The phrase dharma sanātana does occur in classical Sanskrit literature, e.g. in the Manusmrti (4-138) and in the Bhagavata Purana, in a sense akin to “cosmic order”.
Sanatanis as a denomination
Since many reformist groups had the word Samaj (meaning society) or were led by a sant (meaning saint), Sanatanis are often held to be in contrast with Samajists and Santpanthis (meaning those who walk on the panth/path shown by their sant/saint). Unlike South India, where religious traditions such as Shaivism, Shaktism and Vaishnavism form the principal Hindu denominations, “they were effectively subsumed under the Sanatani identity” in many regions of North India, and the Samajs and Santpanths became the other distinct Hindu denominations.
Reformist denominations such as the Arya Samaj are often fundamentalist in their approach. The Arya Samaj regards the Vedas as infallible scripture, and rejects what it regards as non-Vedic innovations in Sanatani Hinduism. These non-Vedic additions included inherited caste, the position of Brahmins as a revered group, idol-worship, and the addition of thousands of deities to the Sanatani Hindu pantheon.
These differences are often apparent in social practices. Arya Samaji weddings, for instance, are based on Vedic practice and tend to be simpler and shorter with a qualified individual of any caste-heritage conducting the wedding, whereas Sanatani weddings are longer, with more complex rituals and always involve an officiating Brahmin priest.

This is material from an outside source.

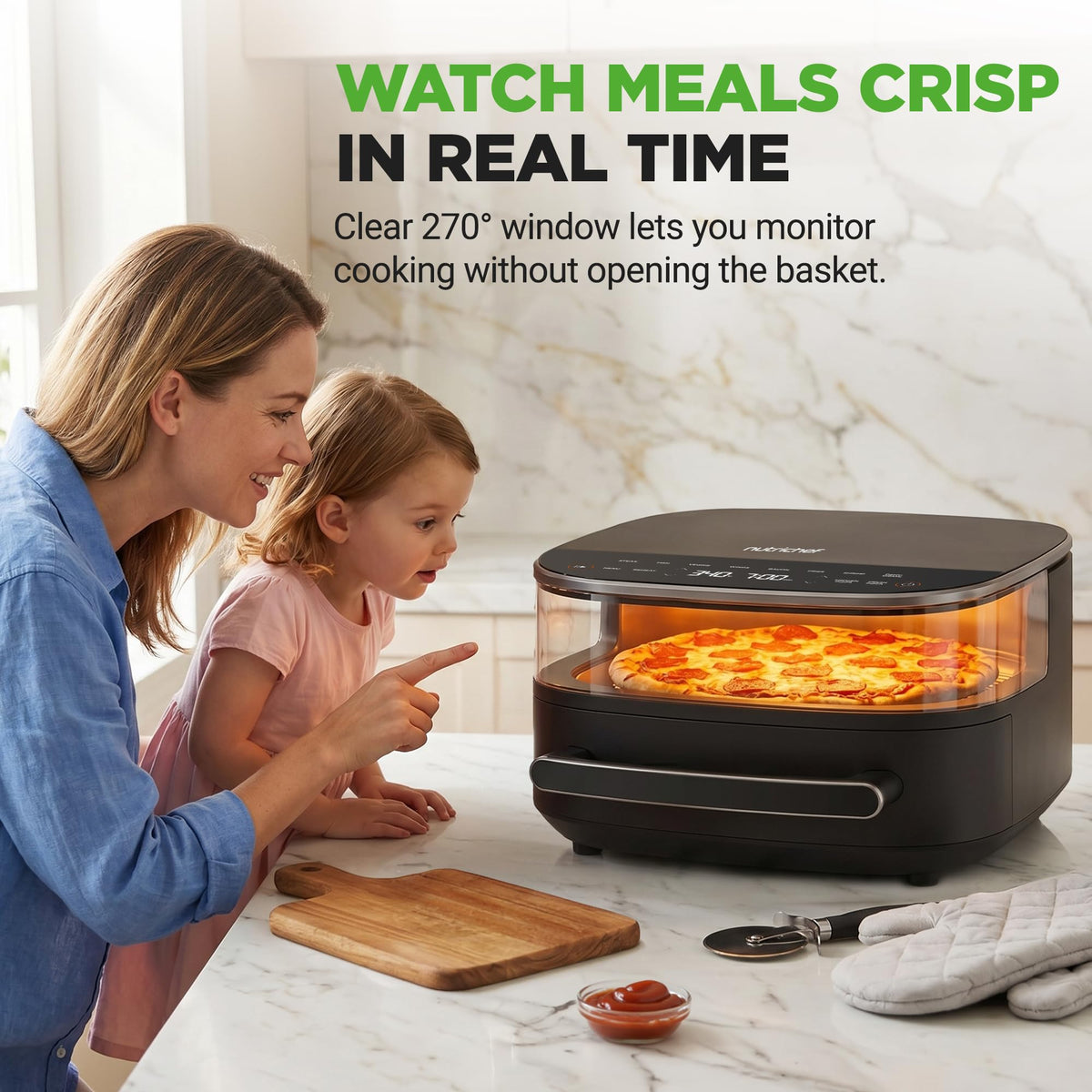 6 Quart Extra Large Air Fryer with 11-in-1 Cooking Presets Grey P996095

Competition with other denominations
Sanatanis and reformists (such as the Arya Samaj, the Radha Soamis and the Ramakrishna Mission) have competed for adherents for more than a century, sometimes creating deep schisms in Hindu society, as in the case of South African Hindus who were split between the Arya Samaj and Sanatanis. While the reformist groups were better organized initially, by the 1860s, a process of internal counter-reform was underway in Sanatani groups as well, and societies to propagate orthodox beliefs along modern lines emerged, such as Sanatan Dharm Rakshini Sabha in 1873. Some religious commentators have compared the Sanatani-Samaji dichotomy within Hinduism as similar to the Catholic-Protestant division in Christianity.